Apr 04, 2019 08:04 AM

CX Daily: New Zealand's Top China Priorities For 2019

New Zealand's Prime Minister Jacinda Ardern. Photo: Cai Yingli/Caixin
New Zealand's Prime Minister Jacinda Ardern. Photo: Cai Yingli/Caixin

New Zealand ‘does not pick sides,’ Jacinda Ardern says

Nearly 18 months after taking office, New Zealand Prime Minister Jacinda Ardern has made her first trip to China. Though it was cut short in light of last month’s terror attack on two Christchurch mosques that left 50 worshippers dead, Ardern sent as precise a diplomatic signal as possible during her 25-hour visit.

In plain terms, Ardern told us that Huawei is not banned from New Zealand and that the country had three priorities in 2019 with regard to China: looking for opportunities in the Belt and Road Initiative, collaborating on climate change, and upgrading the China-New Zealand Free Trade Agreement.

Check out our interview.



Foreign institutional investors have been laying out plans to invest in yuan-denominated bonds since Bloomberg announced their inclusion, sources say. Photo: VCG

Bonds /

Bloomberg begins adding China bonds to its global index

Bloomberg began adding yuan-denominated Chinese government and policy bank bonds to its Bloomberg Barclays Global Aggregate Bond Index Monday, further opening China’s debt market to international investors with money in investments that track the index.

Over the next 20 months, 364 bonds will be added to the index, according to Bloomberg. That could end up steering about $120 billion into China’s onshore bond market, said Liu Linan, a Hong Kong-based China strategist at Deutsche Bank AG.

Services /

China services sector grows at fastest pace in 14 months: Caixin survey

China’s services activity expanded in March at the fastest pace in 14 months on new business growth, our survey showed Wednesday.
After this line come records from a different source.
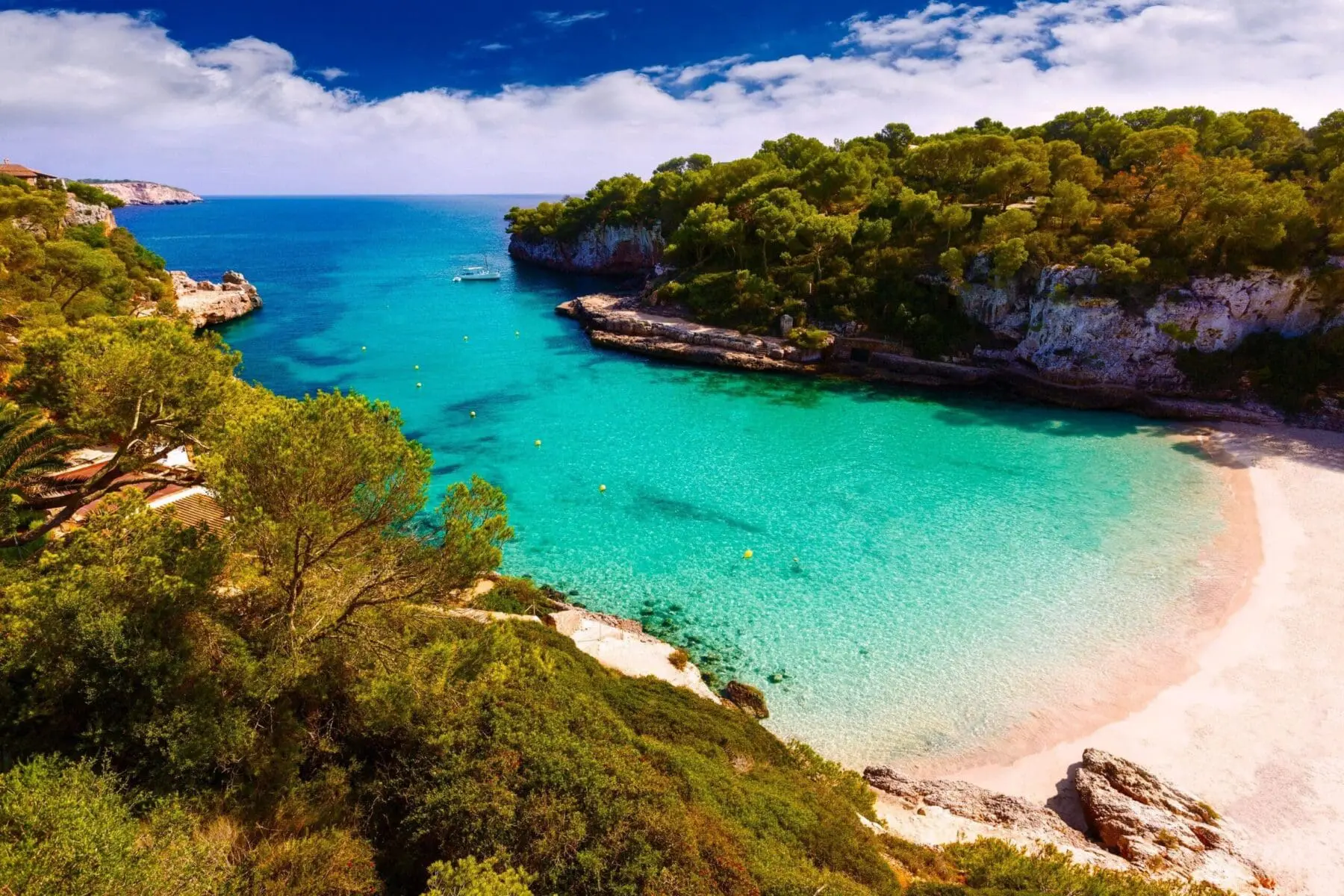 453397194 3138180369651098 2800143238750931741 n scaled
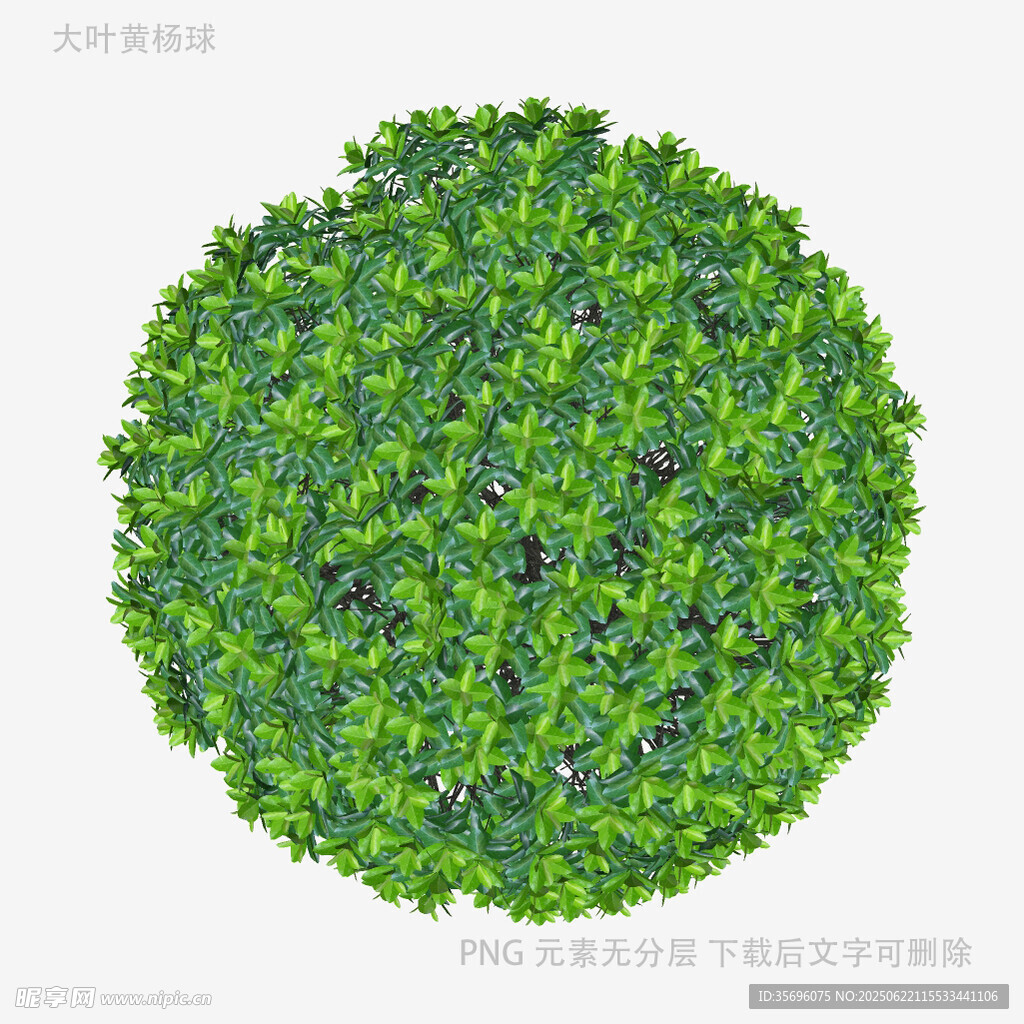 圓形綠植景觀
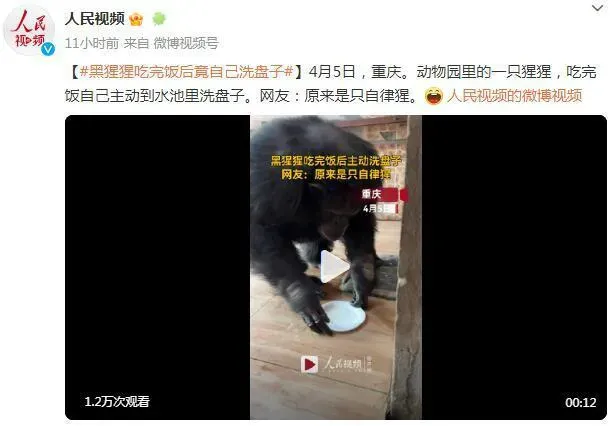 黑猩猩吃完饭主动到水池里洗盘子：动作十分娴熟
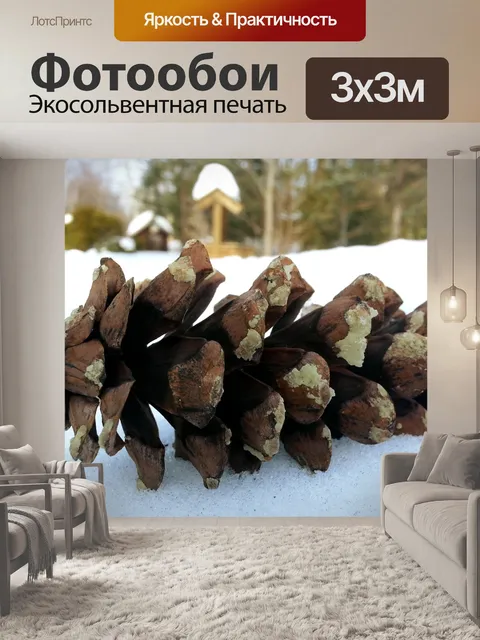 Фотообои Шишка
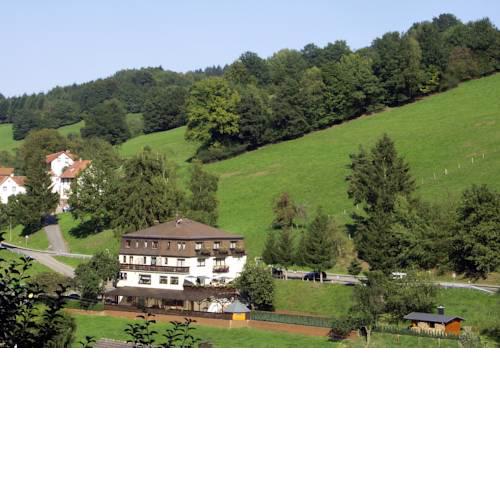 Hotel Landgasthof Grüner Baum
The Caixin China General Services Business Activity Index rose to 54.4 from 51.1 in February, marking the strongest growth in the services sector since January 2018. This coupled with expansion in the manufacturing sector boosted the Caixin China Composite Output Index, which covers both manufacturers and service providers, to 52.9 in March, the highest since June.

Public spending /

Are central government departments heeding call to tighten their belts?
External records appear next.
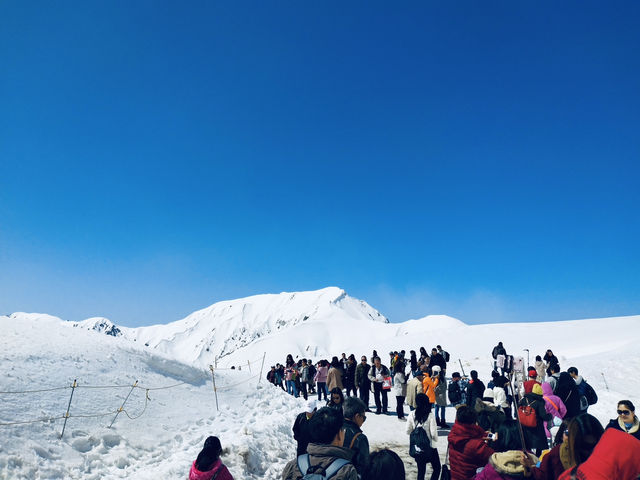 กำแพงหิมะสุดอลังการ Tateyama Kurobe Alpine Route
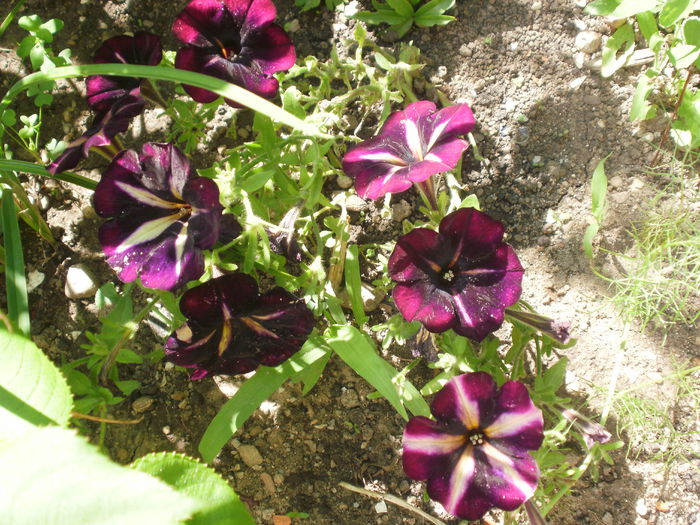 P3200650 - Plante II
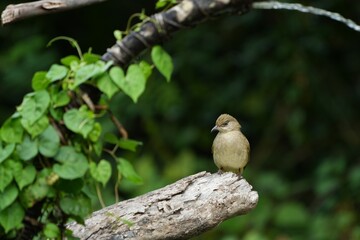 Birds in nature at Bangpoo Air Base, Samut Prakan Province, Thailand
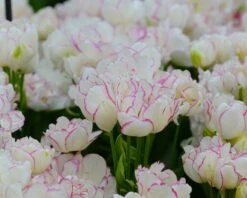 Tulip 'Belicia' 16 Tulip 'Belicia' -Beauty Flowers Shop tulip belicia 2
Of the 102 central government departments that released their 2019 budgets Tuesday, nearly half, or 46, reduced their general public spending budgets from what they actually spent last year, according to Caixin’s calculation based on official data. However, 49 departments increased their budgets compared with last year’s actual spending. Seven departments did not provide such figures.
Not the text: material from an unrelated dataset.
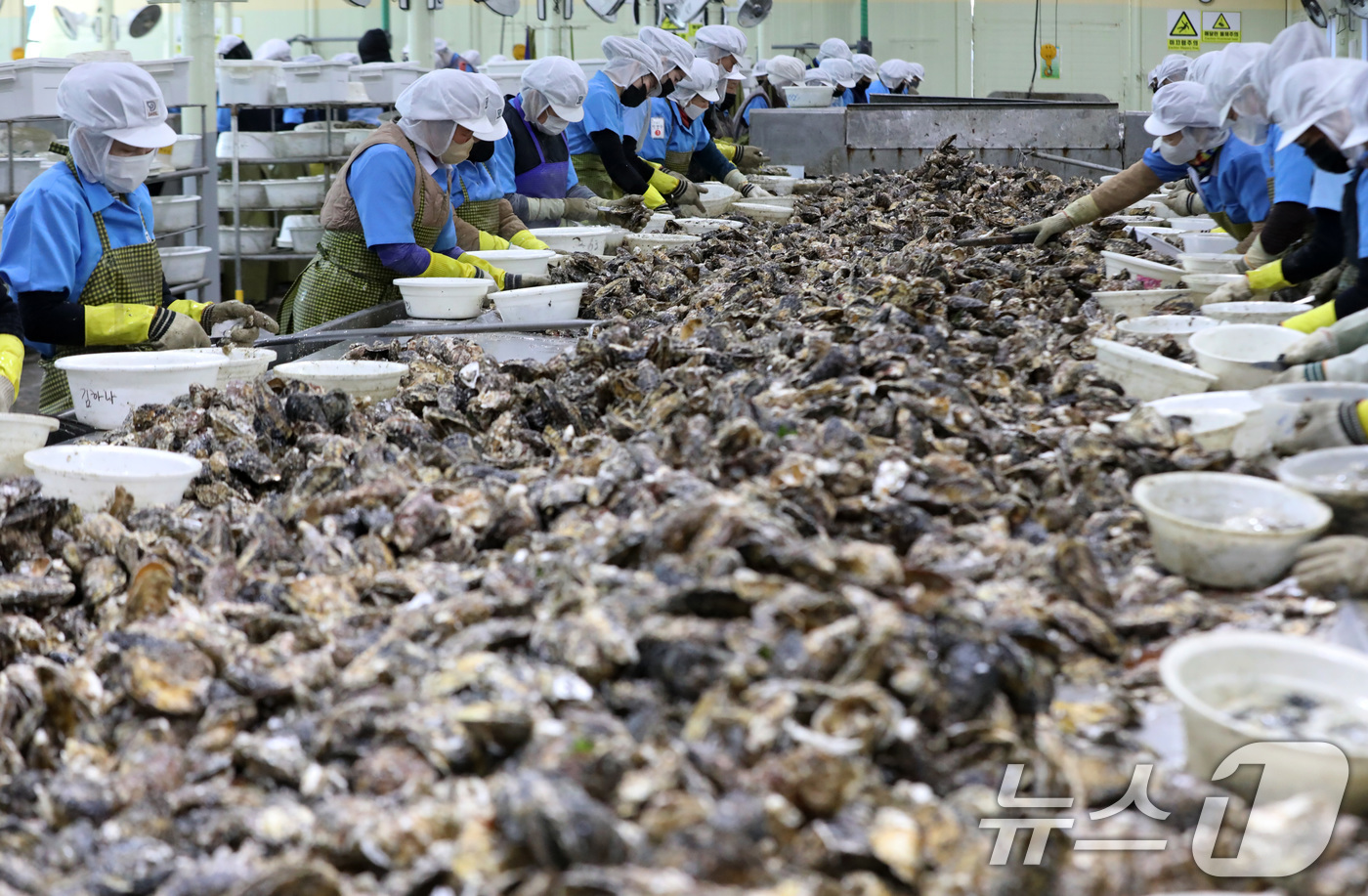 (거제=뉴스1) 윤일지 기자 = 9일 오후 경남 거제 하청면 굴 가공업체인 대일수산에서 직원들이 겨울철 제철을 맞은 굴 껍데기를 제거하는 작업인 박신작업을 하고 있다.  2026. …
The budget reductions by some departments came after Beijing promised to cut taxes and fees this year by nearly 2 trillion yuan ($297.8 billion) to lighten the burden on businesses struggling amid the slowdown in economic growth.

China's Nasdaq /

High-tech board listing applications getting speedy reviews

Reviews have begun for the 44 applications submitted by companies looking to list on the new high-tech board, and inquiry letters were sent to three firms Friday, just five working days after their reviews began, according to the Shanghai Stock Exchange.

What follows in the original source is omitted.